Not updated this for ages and seeing as I deleted my other one I'll pop tonights vid up in here .

Mondays sesh was ...

Deadlifts 220 3x5

Chins @bw 5x5

Felt weak on deads .

Wednesday efforts (tonight video to follow)

Strict log 90kg 4x5

Bench 160 x2

Physio tomorrow then light legs on friday and a foam roll ready for Saturday charity comp .

Feeling pretty good today .

Food will of been 750g of rice and 1.5 kg of meat beef pork lamb

Brekkie was bowl of porridge and honey around 100g of oats .


----------



## MRSTRONG (Apr 18, 2009)

Dont look at my belly im carbing up


----------



## MRSTRONG (Apr 18, 2009)

one more


----------



## MRSTRONG (Apr 18, 2009)

Facepulls

Hack squats

Ham curls

Foan roller

Physio cancelled earlier .

Not long til comp day , emotions are all over and feeling pretty angry .

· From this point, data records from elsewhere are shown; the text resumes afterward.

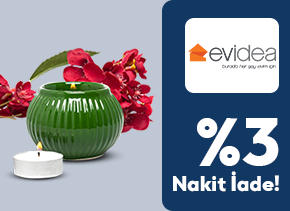 MepaşKart ile Evidea Mağazalarından Yapacağınız Alışverişlerde %3 Nakit İade Fırsatı Sizi Bekliyor.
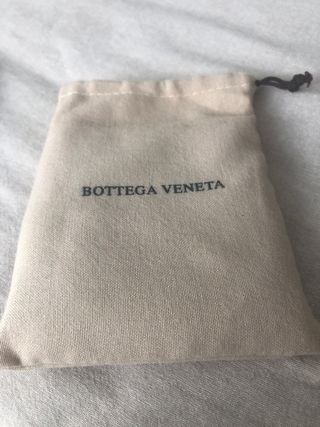 Billetera Bottega Veneta Negra Tejida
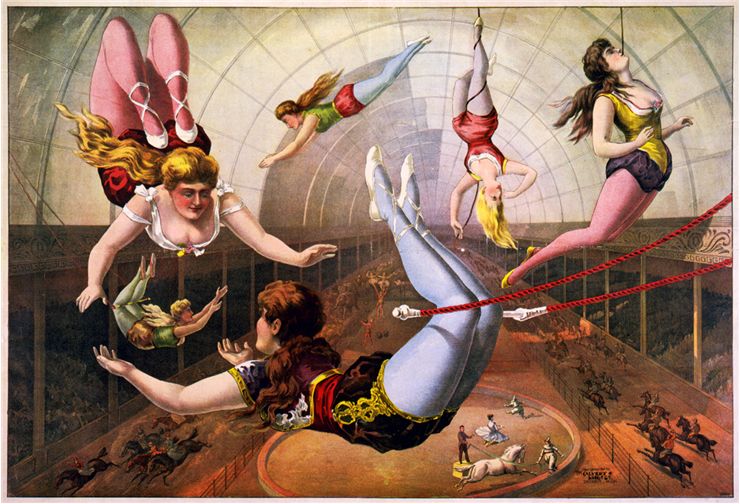 Picture Of Circus Trapeze Artists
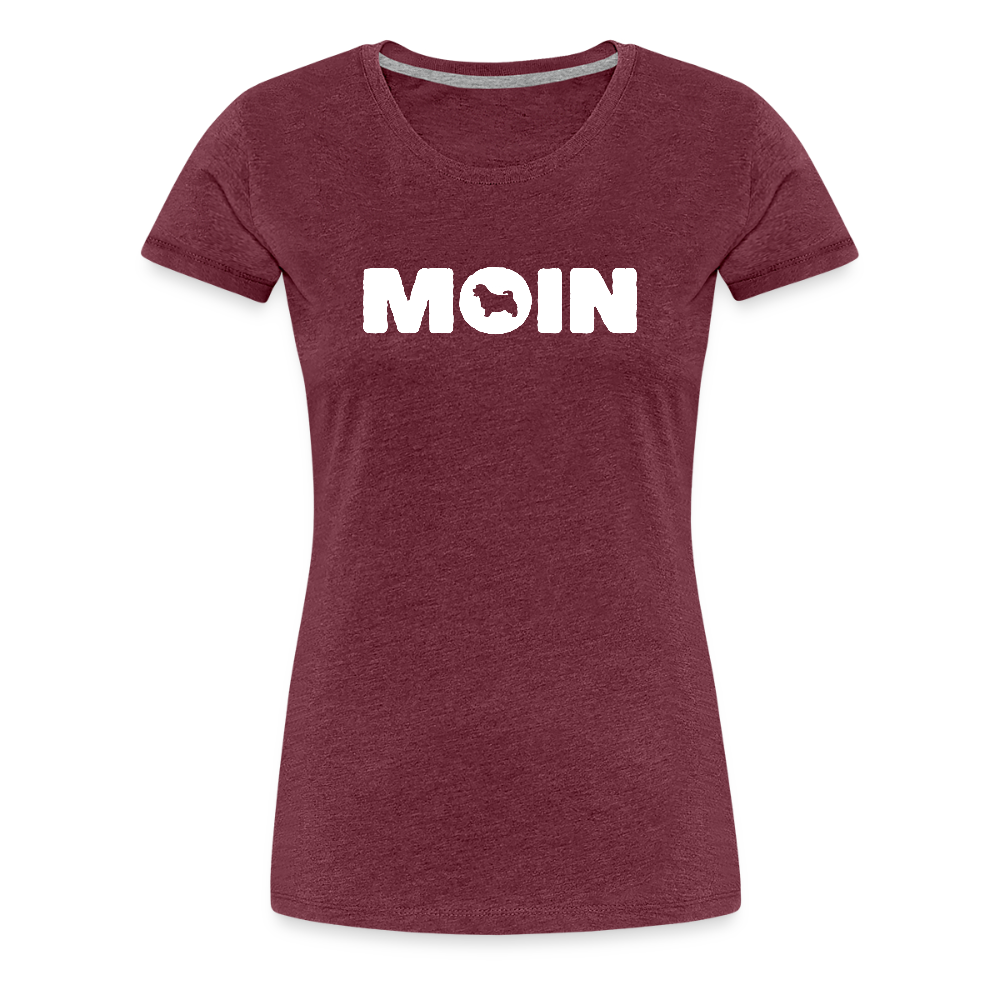 Women’s Premium T-Shirt - Norfolk Terrier - Moin - Bordeauxrot meliert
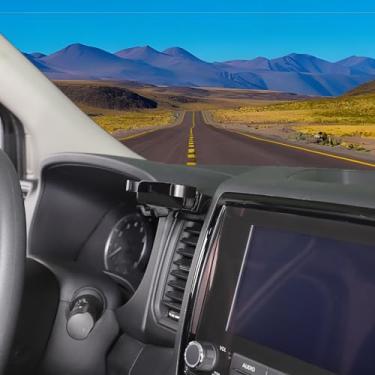 Imagem de Bekantogy Suporte de celular para carro compatível com Nissan Frontier 2022-2025 console central display multimídia painel lado esquerdo clipe de ventilação celular kit de suporte de carro (estilo B)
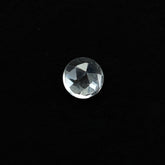 CRYSTAL ROCK QUARTZ ROSE CUT ROUND CAB (WHITE/CLEAN) 2.00X2.00 MM 0.04 CTS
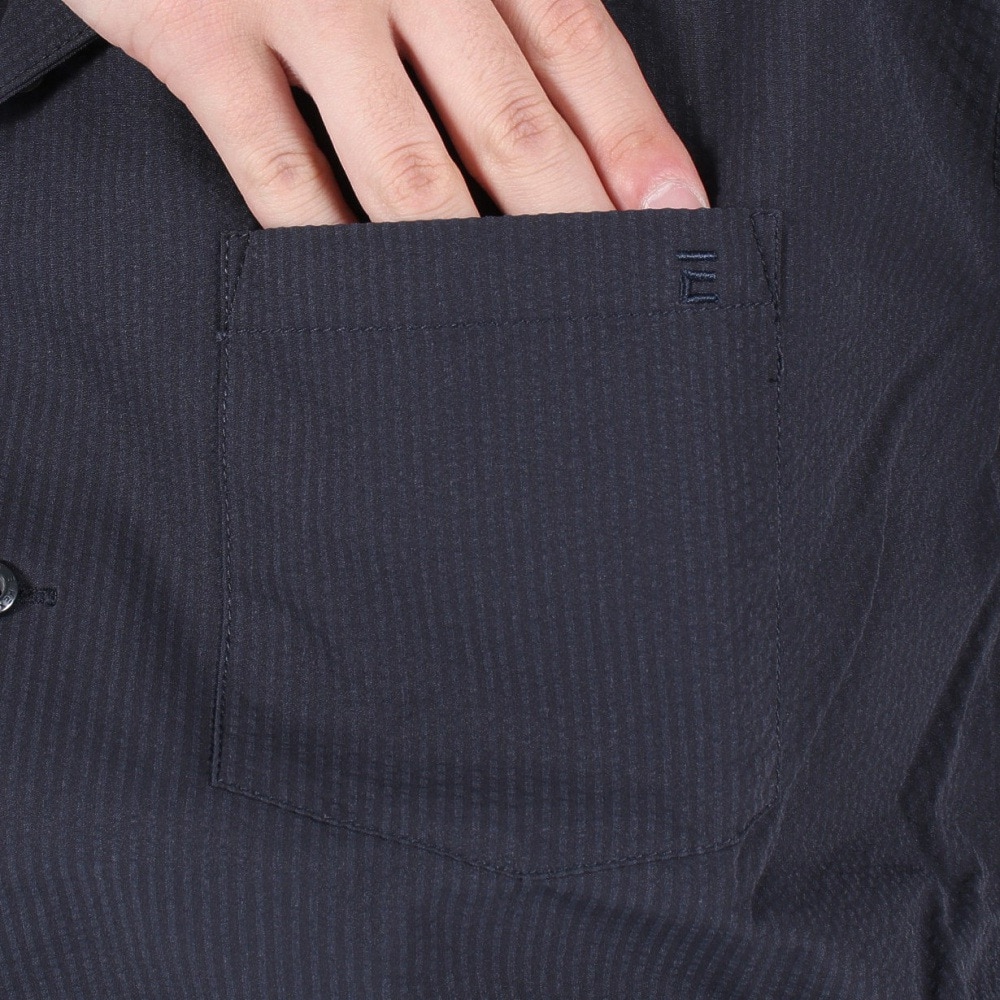 エルケクス（ELKEX）（メンズ）半袖シャツ メンズ S/S SUCKER OPEN SH EKM3S10003 NVY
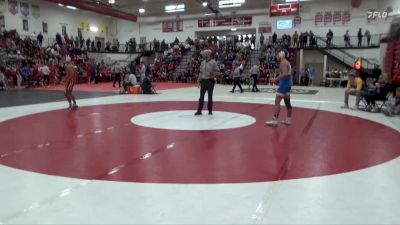 150 lbs Quarterfinal - Danny Peters, Clinton vs Blake Schultz, Wahlert, Dubuque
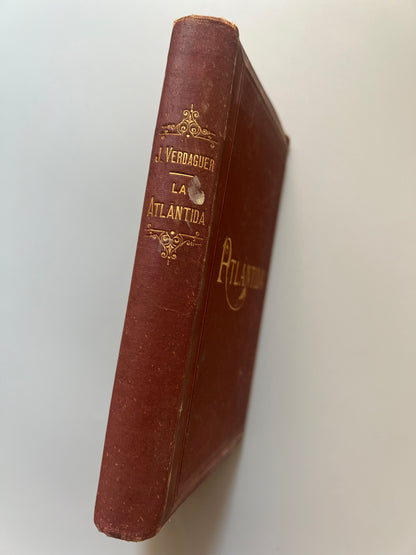 La Atlantida, Jacint Verdaguer - Estampa de Fidel Giró, 1886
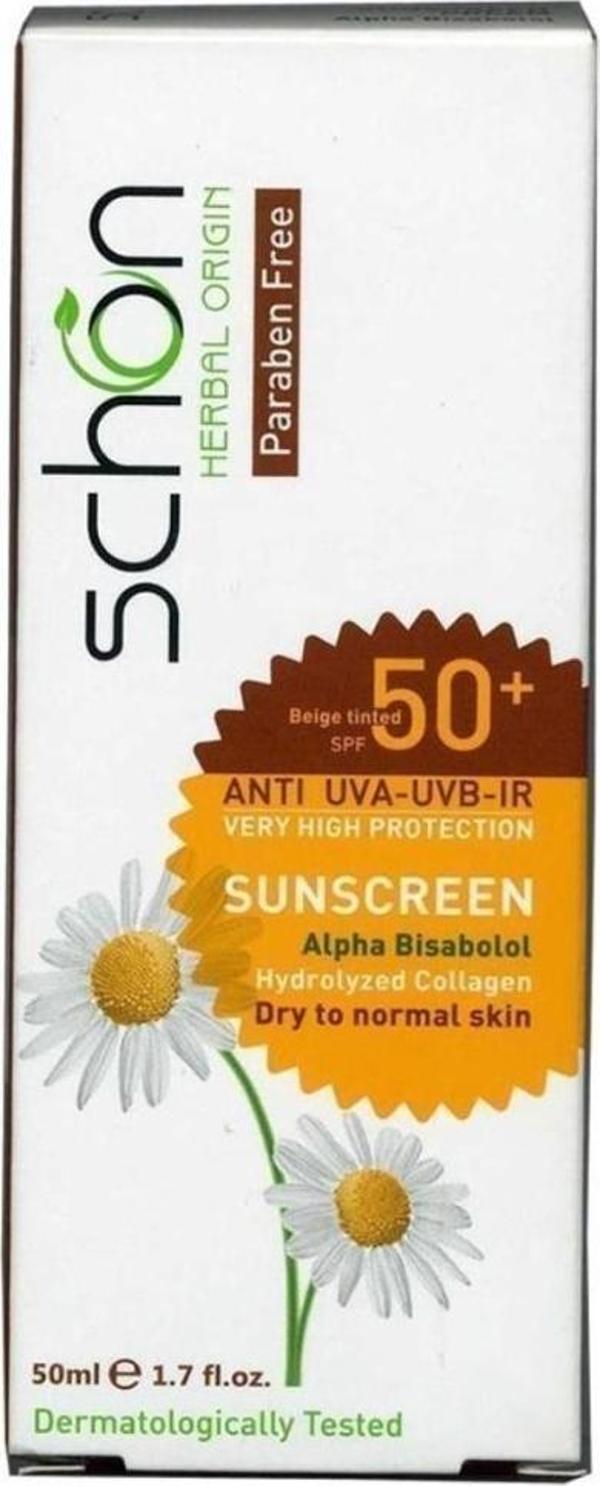 Schön 50Ml Güneş Kremi Koyu Bej Spf50+ Normal ve Karma Ciltler - Image 1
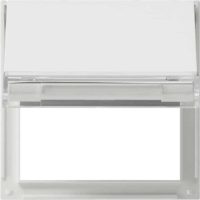 Gira Zentralplatte Klappdeckel  reinweiß m.Schriftf., TX44 068066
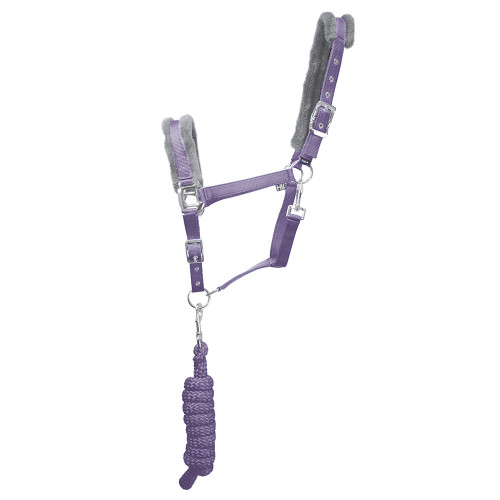 Hy Sport Active Head Collar & Lead Rope - Blooming Lilac - Pony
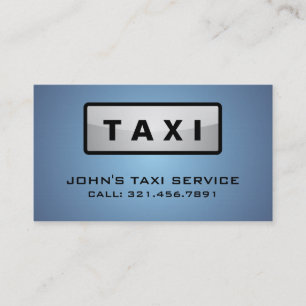 Taxichaufför - visitkortar visitkort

It is a charity comp so win lose or draw the charity wins which is tge most important thing .


----------



## 25434 (Dec 27, 2011)

@ewen......I just saw you say in a journal that you will be in Hastings on Sunday? Does that mean you're not there on Saturday? Cos I'm going on Saturday to cheer you on but if you're not there it would be....well...a bit pointless? Lol

Did I get the day wrong?


----------



## Keeks (Oct 22, 2010)

Good luck for your comp! Smash it Ewen!!! :bounce:


----------



## Rykard (Dec 18, 2007)

have a good one


----------



## MRSTRONG (Apr 18, 2009)

Thank you


----------



## Mingster (Mar 25, 2011)

Give it your best as always big fella:thumbup1:


----------



## MRSTRONG (Apr 18, 2009)

3rd .

Mmmm beer


----------



## TwoCanVanDamn (Jun 22, 2012)

ewen said:


> 3rd .
> 
> Mmmm beer


Well done mate. Enjoy the beer!

I'm just about to crack open a bottle of vodka myself


----------



## Rick89 (Feb 27, 2009)

well done pal 3rd is brilliant, get drinking and eating

also solid strict log mate looking powerfull as fck


----------



## MRSTRONG (Apr 18, 2009)

Rick89 said:


> well done pal 3rd is brilliant, get drinking and eating
> 
> also solid strict log mate looking powerfull as fck


Cheers buddy .


----------



## k8tjane (Mar 27, 2013)

Well done, enjoy the beer:thumbup1:


----------



## 25434 (Dec 27, 2011)

Ullo Ewen..you did very well today, I wuz proud of you, and tassi....ma two boys, one lifting and one doing the camera stuff...awesome...and GT is really lovely looking, very good looking lady....well done...I took some really poop vids on my phone but it ran out really quickly so I didn't get too many...my phones re-charging at the moment so I'll look at them before I do anything. If they are ok would it be alright to put them in my journal? or elsewhere in the Hastings thread? or I could send them to you first if you want....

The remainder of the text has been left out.